In Seoul's currency market, the won opened at 1,530 per dollar, down 13.6 won from the previous session's close. This marks the first time in 17 years and three months that the exchange rate has kicked off below the 1,530 won threshold since March 10, 2009, during the height of the global financial crisis.
Immediately after the opening bell, the rate tumbled to 1,530.8 won before paring some gains to trade in the mid-1,520 won range. However, the high-flying trend persists, with the currency hovering in the 1,500 won range for 12 consecutive sessions on a closing basis.
Market analysts attribute the unyielding weakness of the won, despite growing possibilities of a rate hike by the Bank of Korea (BOK), to a compounding stack of external headwinds, chiefly triggered by a hawkish surprise from neighboring Japan that amplified fears of a broader liquidity squeeze across Asia.

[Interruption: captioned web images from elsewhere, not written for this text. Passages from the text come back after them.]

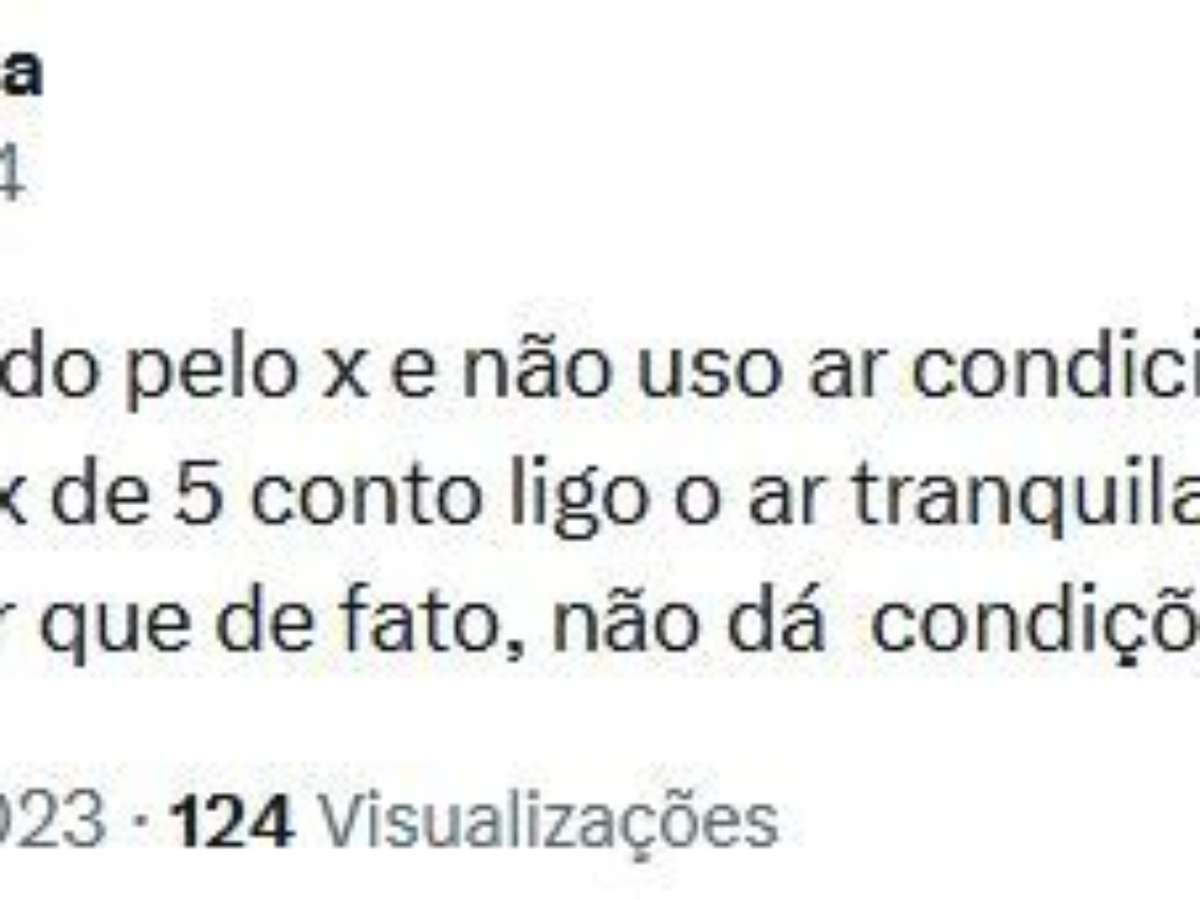 Uber da depressão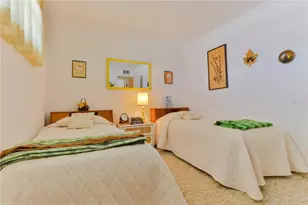 1133 Ocean Shore Blvd, Ormond Beach, FL 32176 - Photo 47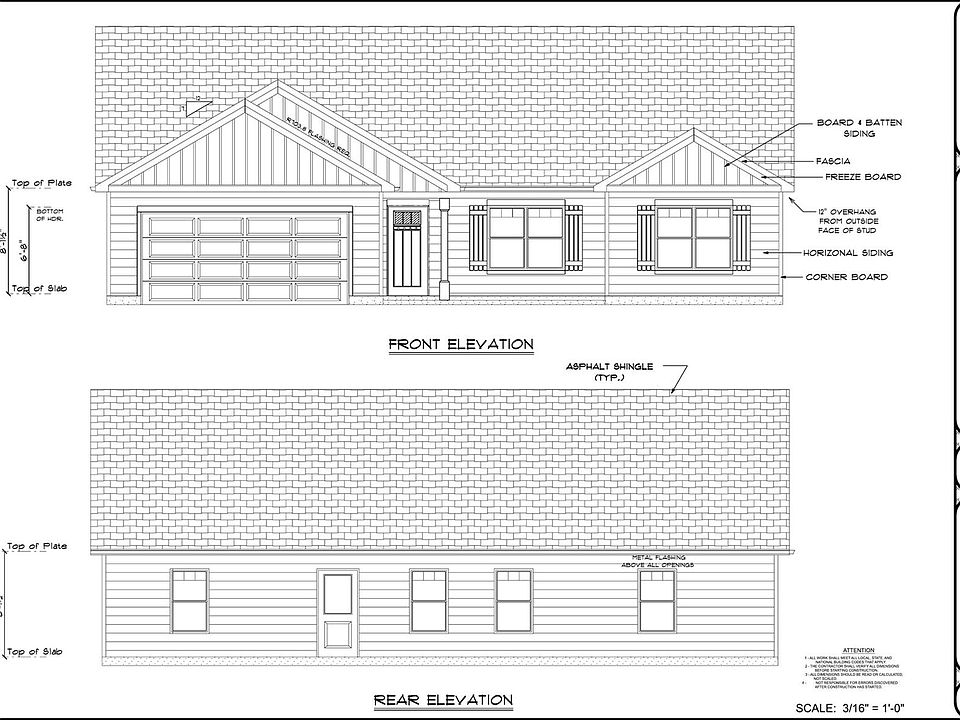 5693 Silver Bell Ln, Granite Falls, NC 28630 Zillow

Bank of Japan (BOJ) governor Kazuo Ueda hinted on Wednesday at a potential interest rate hike at the upcoming June 15–16 policy meeting, citing secondary inflation risks driven by soaring energy costs.
"Even amid uncertainty in the Middle East, there is a clear need to discuss the appropriateness of raising interest rates," Ueda said during a lecture in Tokyo, warning that delaying necessary monetary normalization could "inflict a heavy burden on the economy, markets, and the financial system."
This regional monetary tightening pressure closely aligns with stubborn inflationary pressures in the U.S., where growing concerns that the Fed might lurch back into a hawkish stance are providing solid, ongoing support for both the U.S. dollar and Treasury yields.
Adding to the compounding pressure, renewed military tensions between the United States and Iran have stoked global inflation worries and driven up international crude prices, further exacerbating depreciation pressures on the local currency.
South Korea relies on the Strait of Hormuz for nearly 70 percent of its total crude oil imports. Consequently, soaring oil prices trigger an increased demand for the greenback to settle import bills while stoking anxieties over a deteriorating trade balance.
Continued profit-taking and portfolio rebalancing by foreign investors in the domestic stock market have further strained won supply and demand. According to the Korea Exchange (KRX), foreign investors net sold 4.8 trillion won worth of shares on the main KOSPI bourse as of noon.
The bond market also exhibited a turbulent trend. In the morning session of the Seoul debt market, the benchmark three-year government bond yield closed up 6.6 basis points at 3.839 percent - reaching its highest level since November 2023, when fears of prolonged high interest rates in the U.S. hammered global debt markets.
The 10-year government bond yield also rose 7.1 basis points to 4.209 percent - bouncing back to the 4.2 percent range for the first time since mid-May, highlighting renewed weakness in long-term debt. This slump effectively erased the bullish sentiment from Tuesday, when net purchases of 10-year bonds by foreign investors hit the second-highest volume in history.
The prospect of a BOJ rate hike raised immediate concerns over a regional liquidity squeeze, triggering heavy offloading of local fixed-income assets. Adding to this was the anxiety of market participants already bracing for the possibility that the Gulf crisis could drive oil prices higher, rekindle domestic consumer inflation, and strengthen the BOK's justification for rate hikes.